Pirated software sold in China
Image caption Pirated software is easily found in China

A Chinese man has pleaded guilty to selling pirated US business software worth more than $100m (£62m).

The software, stolen from 200 manufacturers, was sold in 2008-2011 for a fraction of their High Street prices, US prosecutors said.

Xiang Li was arrested in June 2011 in Saipan during an undercover sting operation.

He has pleaded guilty to conspiracy to commit criminal copyright violations and wire fraud.

"I want to tell the court that what I did was wrong and illegal and I want to say I'm sorry," Mr Li told district judge Leonard Stark, although he disputed the retail value of the software he stole and sold.
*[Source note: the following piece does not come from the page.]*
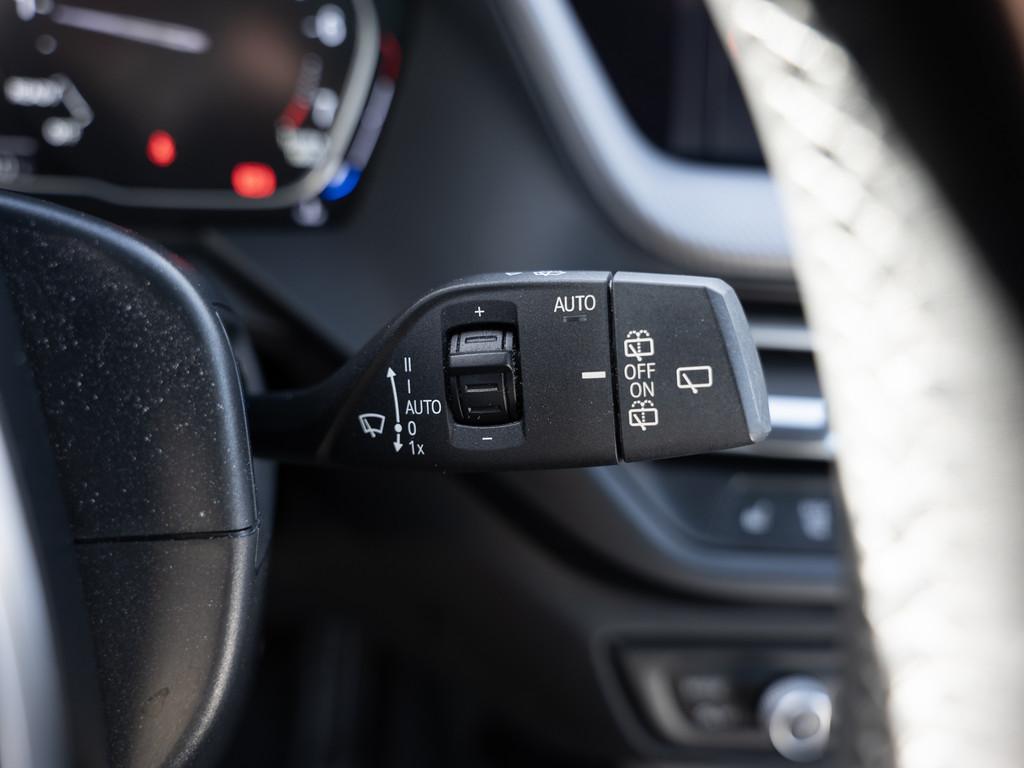 BMW 118 i M-Sport PANO AHK LED W-LAN NAVI SHZ PDC, миниатюра 22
Mr Li, from China's Chengdu province, targeted software from big manufacturers including Microsoft, Oracle, SAP and Rockwell Automation before selling them on to 325 buyers, including a Nasa engineer as well as military contractors.

The black market buyers extended from 28 US states to more than 60 countries.

Cheap sales

The businessman searched for hacked software on internet forums before advertising them for sale on his websites which offered more than 2,000 pirated titles, prosecutors said.
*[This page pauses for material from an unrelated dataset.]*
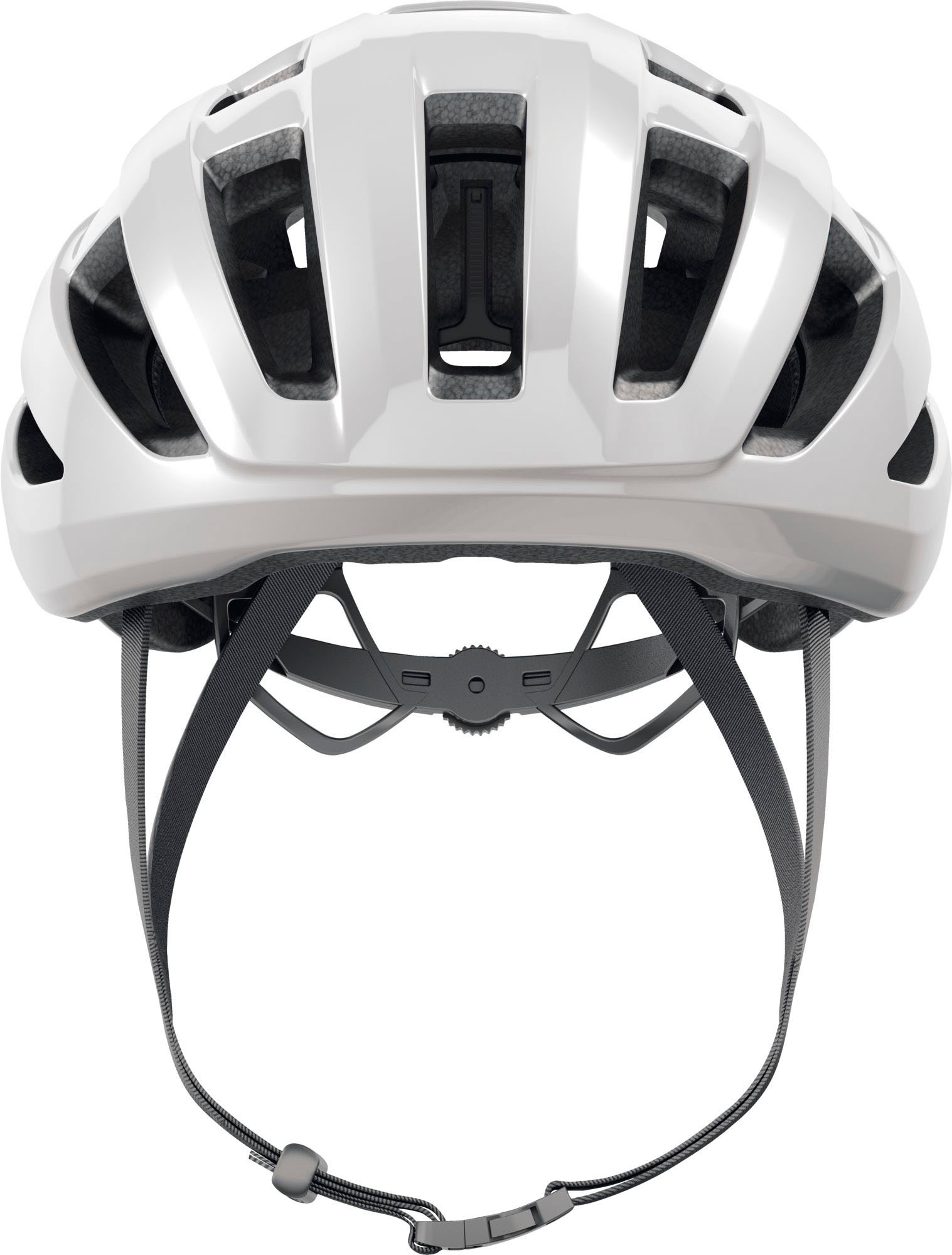 ABUS Fahrradhelm »POWERDOME MIPS«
The pirated programmes were then allegedly transferred to customers via Gmail, and Mr Li and a second suspect collected payment through money transfer services.

The pirated software was said to be sold for as little as $20 to up to $1,200 - with the retail value of the products were much higher, ranging from several hundred dollars to more than one million dollars apiece, according to US officials.
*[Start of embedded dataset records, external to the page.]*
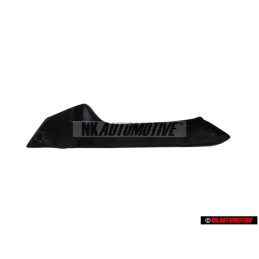 VW Originale Copertura Blu Mauritius - 1H0867197D F31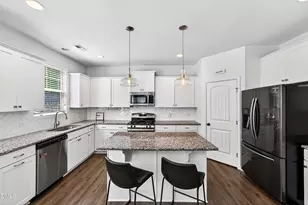 410 Chestnut Oak Pl, Durham, NC 27704 - Photo 3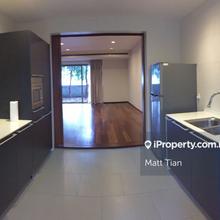 Low rise and low density. triplex layout with 4025sf space 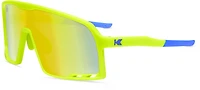 Knockaround Adults' Campeone Soul Surfer Sunglasses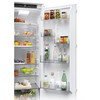 Candy CML5518EVWL UP Fridge 600 Beépíthető hűtőszekrény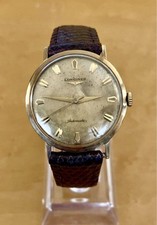 Orologio Vintage Longines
The scam came to light after a US manufacturer discovered his company's software was being sold on Mr Li's website, and notified authorities.

Mr Li was eventually arrested by US agents after an 18-month undercover operation.

His lawyer, Mingli Chen, said: "He was pretty proud of himself. He did not realise it was such a big crime."

Last year US prosecutors charged seven people, including Megaupload founder Kim Dotcom, with racketeering and copyright violations for running a site that sold an estimated $500m worth of pirated entertainment software including movies and TV programmes.

Mr Dotcom is contesting the charges against him and other Megaupload executives alleging that much of the operation against him was unlawful.